Nguyen is a common Vietnamese last name, like Kim or Park in Korea, like Garcia in Spain or Mexico, like Smith or Jones. I first heard the name sometime in 1974 or 1975, when I was a boy in Northern California. Because my parents had adopted three children from outside the United States, we belonged to a social network of similar families, and within this network, I met some of the first Vietnamese refugee children who came to America. At the same time, entire families who had escaped Southeast Asia—the first of the boat people—were finding sponsorship through churches and other charitable agencies. Each September for the next several years, as more and more of these kids showed up in schools, teacher after teacher struggled with the name Nguyen. Did you pronounce every letter? Was anything silent? What about the unfamiliar “ng”? Sometimes you could just tell which name was next just by where the teacher was in the roll—“…McDonald, Myers, Nardin, Needham…”—and the way he stared at the sheet of paper. Finally the kid, having been through this before, spoke up from his or her desk and politely offered the proper pronunciation: “win.” (More or less.) The teacher scribbled something—a phonetic, maybe—and moved on. As the days passed, the teacher would get more and more comfortable with the pronunciation and soon he wasn’t taking roll at all; he knew everyone who was supposed to be in his class by sight and first name. As the years passed, I one day realized that it had been a long time since I’d heard a teacher struggle with the name Nguyen. Maybe that’s when the conflict in Vietnam really ended.
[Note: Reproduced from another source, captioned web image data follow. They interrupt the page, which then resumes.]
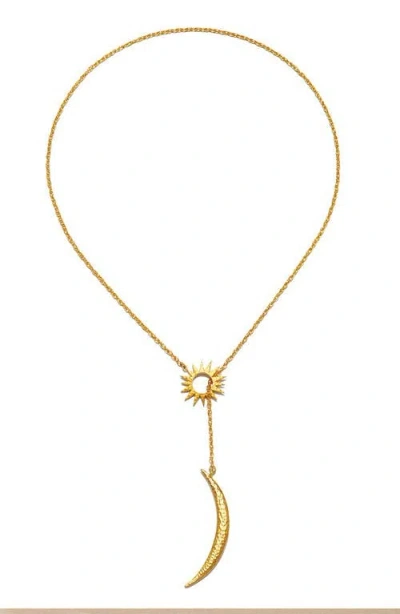 Satya Jewelry Woven Dreams Celestial Sun And Moon Lariat Necklace In Gold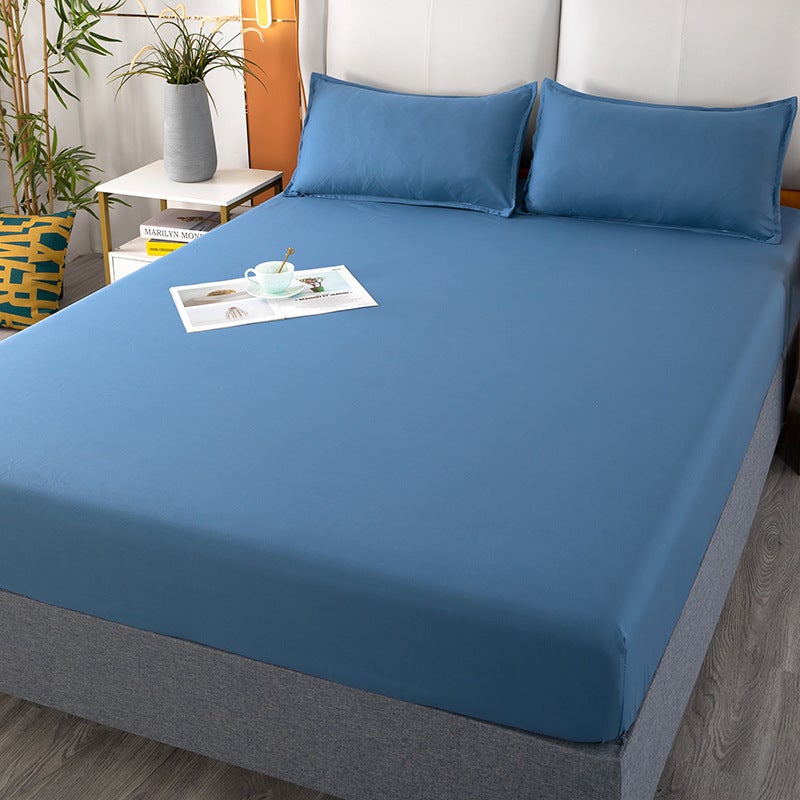 Solid Color Bedspread Elastic Fitted Bed Skirt Set Navy blue 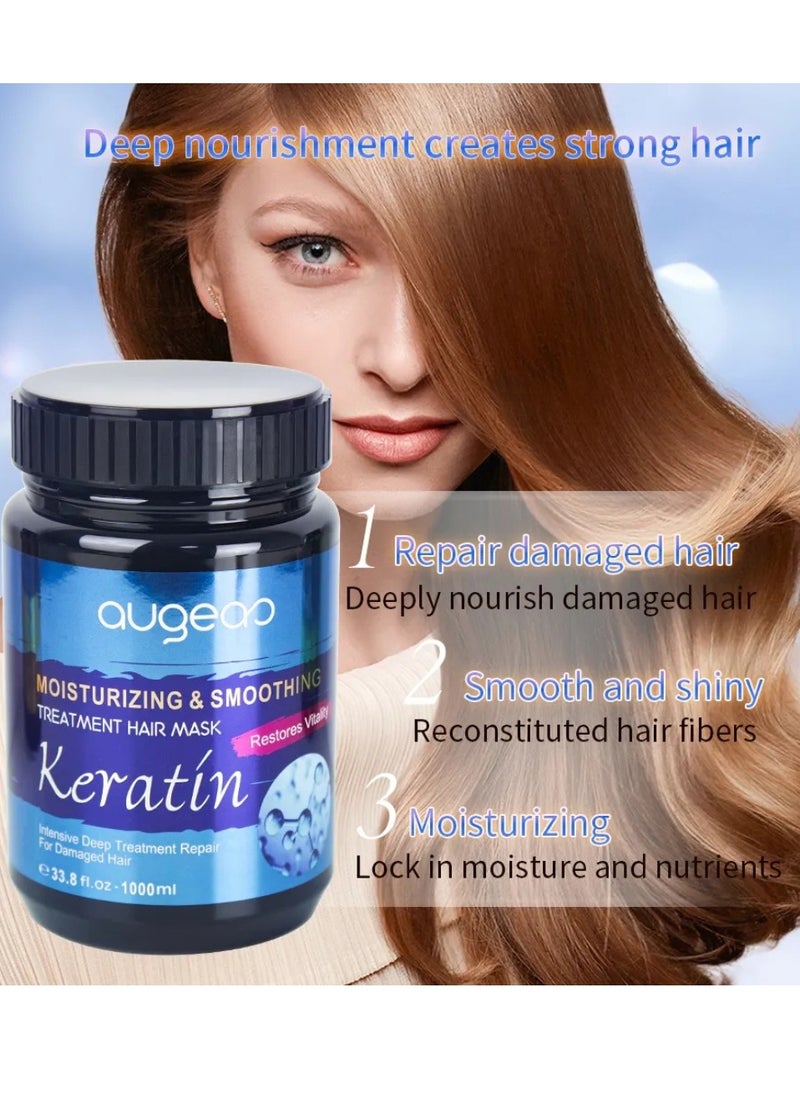 1000ml Moisturizing and Smoothing Treatment Keratin Hair Mask Restore and Repair Damaged Hair and Prevent Hair Breakage Increase Hair Softness and Helps Hair Regrowth Keratin Creamy Hair Mask Hair Cream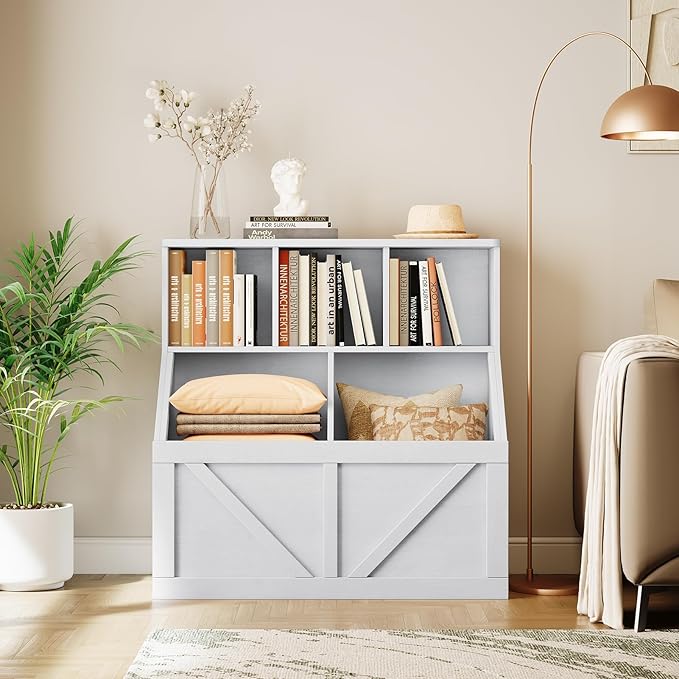 Kids Bookshelf and Toy Storage, Kids Toy Storage Organizer, Toy Storage Cabinet with Toy Shelf, Toddler Bookshelf Toy Organizer and Storage Bins for Playroom, Bedroom, Nursery, Classroom, Daycare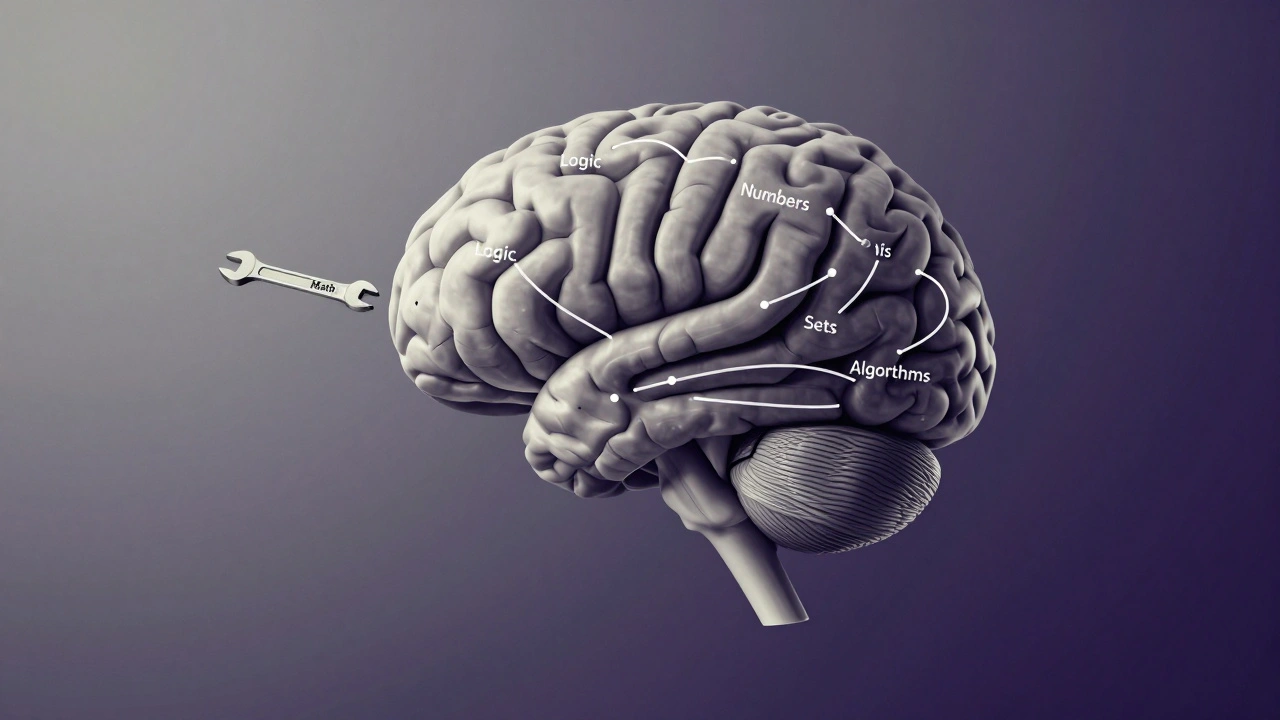 Абстрактный мозг программиста с подсвеченными связями логики и алгоритмов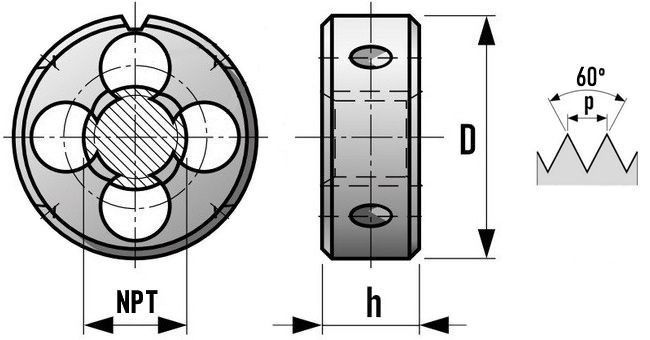 Плашка круглая трубная коническая резьба NPT HSS DIN EN 22568 (DIN 223) GSR - чертеж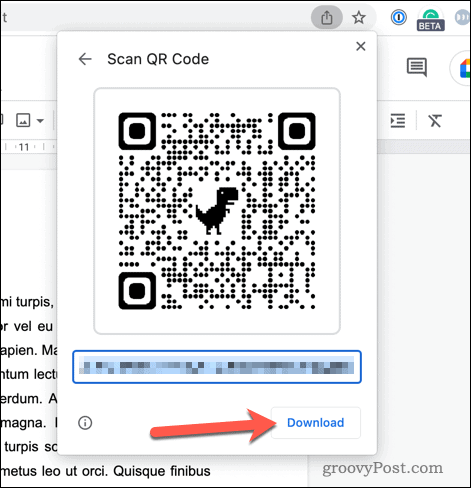 Primer kode QR v brskalniku Google Chrome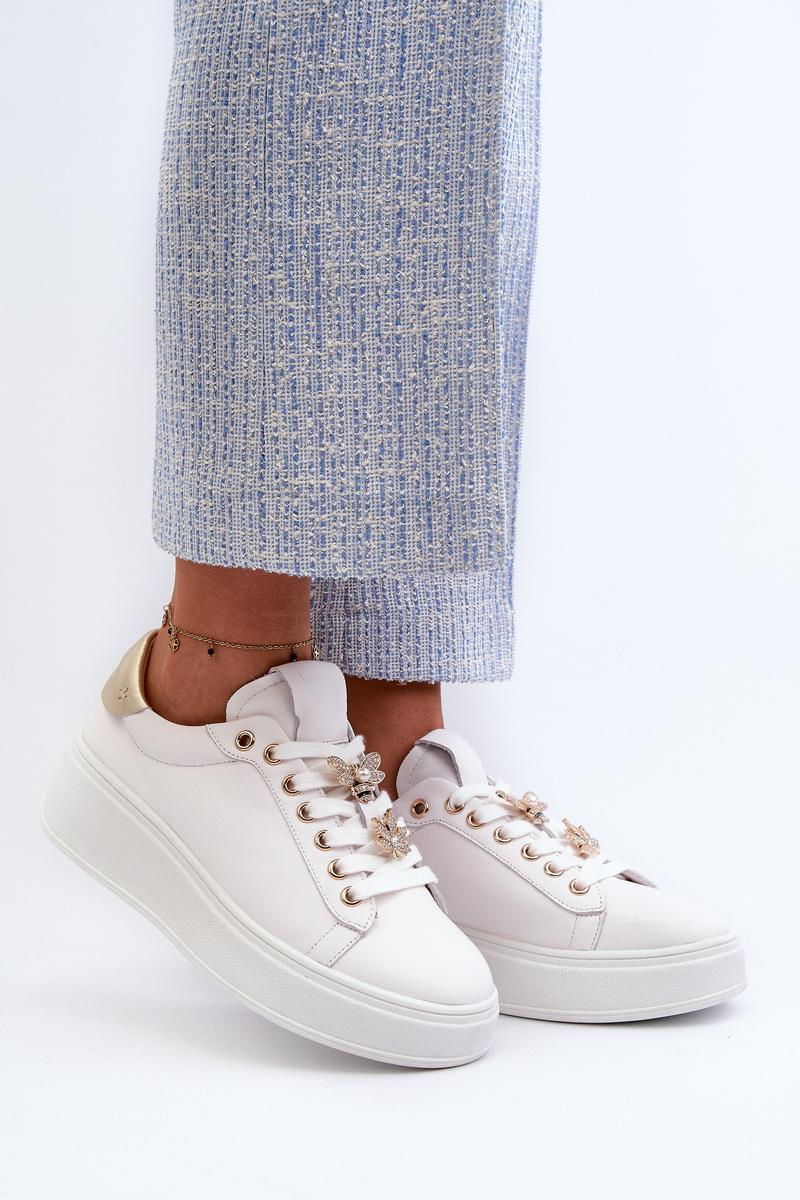 Step In Style White Striped Platform Trainers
My brother’s real last name is Nguyen. His first name was Tuan, which is pronounced “toon.” (Again, more or less.) Tuan came to America with his real father, whose name was Quang. Quang died about a year after their arrival and a family belonging to the church that had sponsored them offered to foster my brother. That family, one we knew through that adoption network, gave him the name Bill. I’ve never thought the name suited him, but then I don’t know what name would. Bill chose Alexander as his baptismal name; he was studying ballet by then, and he liked its classical sound.
In revising my autobiographical book, I figured it was best to change names, and tried to find names that I thought suited the various persons. When I came to my brother, I tried out a couple things, but none of them suited his character. Then I hit upon Ian: although it’s Gaelic for “John,” it sounds sort of of Asian—or, as-Ian. And I liked the fact that it both sounded and looked like Tuan and Nguyen. I especially liked that it sounds like Bill’s real last name. One morning this past summer I was explaining all this to Bill and Susie. They were still trying to decide on a name for The Boy, as we were all calling him then. When I said “Ian” they looked at each other and said, “Ian. I like that. We should call him Ian.” Susie was especially pleased that the name could be linked with her own late father, who was John.
I’m watching Ian as I write this. He’s finally fallen asleep: he was fussing for a bit, but I walked him around the house and showed him the view through the windows where his late grandfather lived. He likes looking at the trees. I like showing him the trees. Maybe that’s the Indian in me. Or rather, the “Ind-Ian.”